Como parte de mi síndrome de Peter Pan, suelo columpiarme en hamacas y vestir medias de colores...
Además
de mi neurosis (tan breve, pero dramáticamente descrita en el
párrafo anterior), considero que el hecho de que mi cumpleaños
caiga capricornianamente en enero me empuja casi que por default
al divertidísmo hobby de filosofar sobre el tiempo. Todos nosotros,
quienes seguimos la lógica gregoriana para marcar las vueltas que se
dan alrededor del sol, solemos entregarnos a profundas reflexiones de
fin de año en un radio más o menos de cinco días alrededor del 31
de diciembre.
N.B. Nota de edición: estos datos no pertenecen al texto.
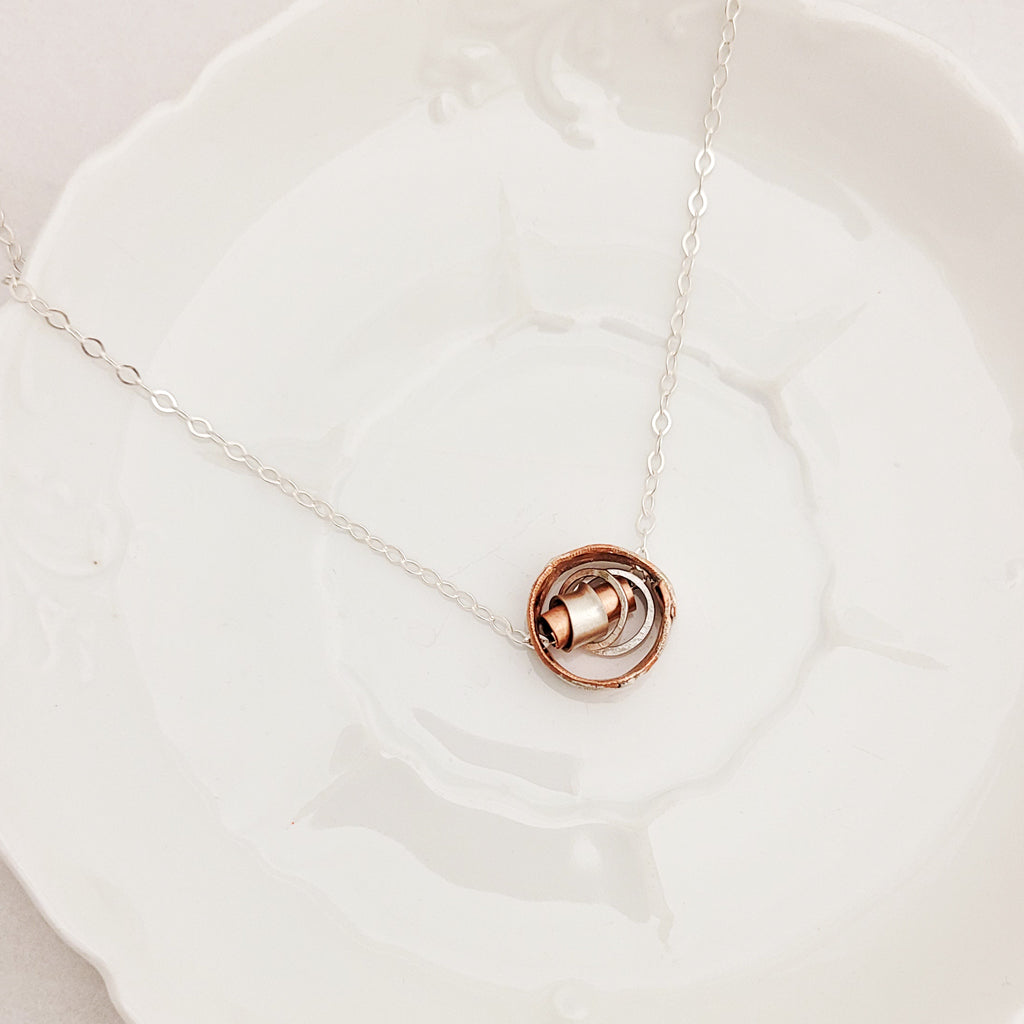 Silver Rolls in Copper Circle - Necklace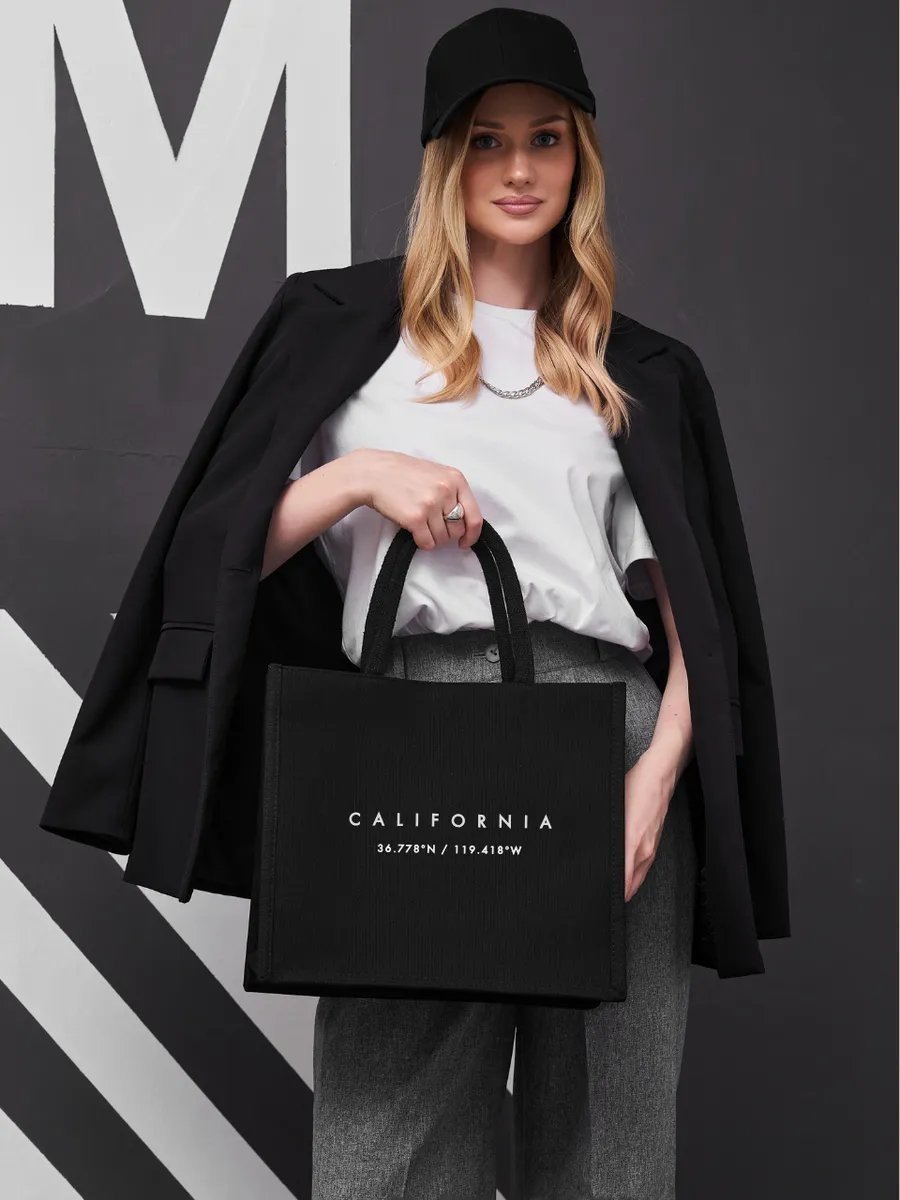 Сумка шоппер Bolso de Senora канвас черный купить,NaN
Sin embargo, a más tardar el 3 de enero, todo el mundo
ha concluido con su análisis retrospectivo y a otra cosa mariposa,
hasta que vengan sus cumpleaños en meses que parecen tan lejanos
como mayo o agosto y tengan que meditar de nuevo un poco sobre en qué
punto se encuentran de sus vidas. Yo, al haber nacido en enero, sigo
rumiando por dos semanas más las conclusiones de fin de año, de
modo que, cuando por fin llega el 16 de enero, ya estoy imbuida
totalmente en un vórtice de despiche mental.
Y
es que el tiempo es un fenómeno de los más misteriosos del universo
al que ni físicos, ni filósofos ni chamanes han podido encontrarle
respuesta a cómo sucede. Menos a cómo se controla. Ni siquiera el
mismo demonio está dispuesto a pasarle por encima, como muy bien se
lo negó Mefistófeles a Fausto, a pesar de haberle vendido su alma:
podría cumplirle todo, todo lo que él quisiera, pero nunca la
posibilidad de decir “tiempo, ¡detente!”. El tiempo es un fenómeno tan, tan misterioso que,
como se dice en La
montaña mágica de
Thomas Mann (único libro que leí el año pasado y que ni he
terminado, para mi saldo vergonzoso del 2013), ni sabemos cómo lo
percibimos, porque no lo olemos, no lo saboreamos, no lo vemos, no lo
oímos y, ciertamente, no lo tocamos. Entonces, si con ninguno de los
cinco sentidos que tenemos para descubrir lo que nos rodea lo podemos
percibir, ¿cómo es que sentimos el paso del tiempo, de modo que
varias persons pueden decir que ha pasado media hora y estar en lo
correcto sin ver ningún reloj?
Como
vemos, se me hace un arroz con mango súper volado. Sin embargo, este
año, mis típicas reflexiones sobre el tiempo se han visto aliviadas
por una definición que me parece brillante sobre el fenómeno en
cuestión. Repasando a finales de diciembre mi año facebookianamente
sobre qué había posteado, entre fotos, frases, videos y movimientos
de este caballito, me encontré con un artículo sobre un diccionario
de definiciones dadas por niños. El libro, titulado Casa
de las estrellas: el universo contado por los niños,
es obra de Javier Naranjo, maestro que trabajó recopilando 500
definiciones de 133 palabras según niños de colegios rurales del
oriente del departamento de Antioquía, en Colombia. A mí me encanta
leer las definiciones que dan los niños sobre conceptos profundos
porque, sin duda, ven el mundo de otra manera, a través de esos
ángulos de la ventana por los que ya no solemos sentarnos los
adultos a ver pasar la vida. Los ángulos más simples.
Miles
de hombres y mujeres han intentado definir el tiempo (los reto,
estimados lectores, a que me lo definan ya y casi que puedo apostar
que se van a quedar bateados un ratillo), pero ninguna me ha parecido
tan cierta como la definición que dio Jorge Armando, un niño de
sabios 8 años de edad: Tiempo:
Algo
que pasa para recordar.
Al
menos yo, que mientras escribo estas líneas cuadriplico exactamente
su edad, no podría haber dado con una definición tan sabiamente
simple. Y es que si el tiempo es algo que pasa para que podamos
recordar, entonces bienvenido sea el paso del tiempo. Porque para mí,
no hay nada más valioso que los recuerdos.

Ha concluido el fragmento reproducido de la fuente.